1 Introduction

The rate of online media consumption has dramatically increased and individuals’ online social networks (OSNs) are an ever more popular source for news content. State and non-state actors desiring to manipulate the information environment have adapted to this trend, launching information operations targeted at a range of online platforms. Since October 2018, Twitter has publicly identified more than 40 state-linked information operations attributed to over 20 countries targeted at its platform Twittter (2022). From 2017 through mid-2021, Facebook similarly took down and reported over 150 information operations originating from more than 50 countries Facebook (2021). An information operation can be characterized as coordinated activity aimed at a strategic objective that is fundamentally deceptive in nature (Erhardt and Pentland 2021). This deception may not necessarily imply explicitly false information (e.g., out-of-context images, agenda-setting, or flooding the information environment with superfluous messaging to confuse and distract (Starbird et al. 2019; King et al. 2017)).
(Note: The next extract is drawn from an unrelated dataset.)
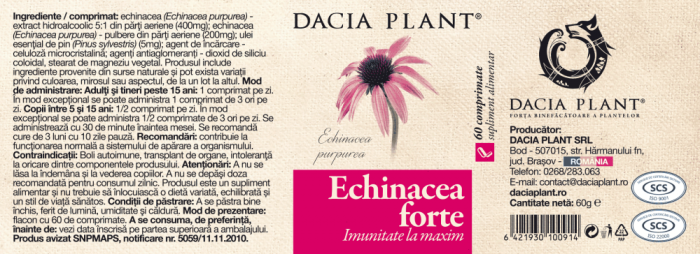 ECHINACEA FORTE 400mg, IMUNITATE PUTERNICA, Dacia Plant [2]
Much of the literature in the mis/disinformation space focuses on detecting information operations through content-based features (Alizadeh et al. 2020; Rheault and Musulan 2021), or network-based approaches (Vargas et al. 2020). Other studies examine the temporal patterns of post activity (Luceri et al. 2020; Magelinski and Carley 2020). In this paper, we choose to instead revisit the influence model, first proposed in Asavathiratham (2001). This model is most similar to the temporal approach in Magelinski and Carley (2020) but has the advantage of being able to distinguish the directionality of apparent influence rather than producing an undirected account to account coordination graph. The influence model describes the dynamics of networked, interacting Markov chains. A Markov chain is a method for generating a sequence of random variables in which the current value is always probabilistically dependent on only the most recent previous value.

In this context, we choose to model individual social accounts as Markov chains with random variables representing post activity for a given user. With the influence model, we can measure the coordination between pairs of accounts based on post activity alone. From these coordination measures, it is possible to quantify hidden connections between accounts and, potentially, inauthentic activity. We focus on the coordination aspect of information operations for a few reasons. First, it alleviates some privacy and bias concerns associated with moderation. Second, an influence modeling approach is more language and media agnostic than content-based alternatives. Third, unlike network-based methods, this approach does not require access to the underlying network structure.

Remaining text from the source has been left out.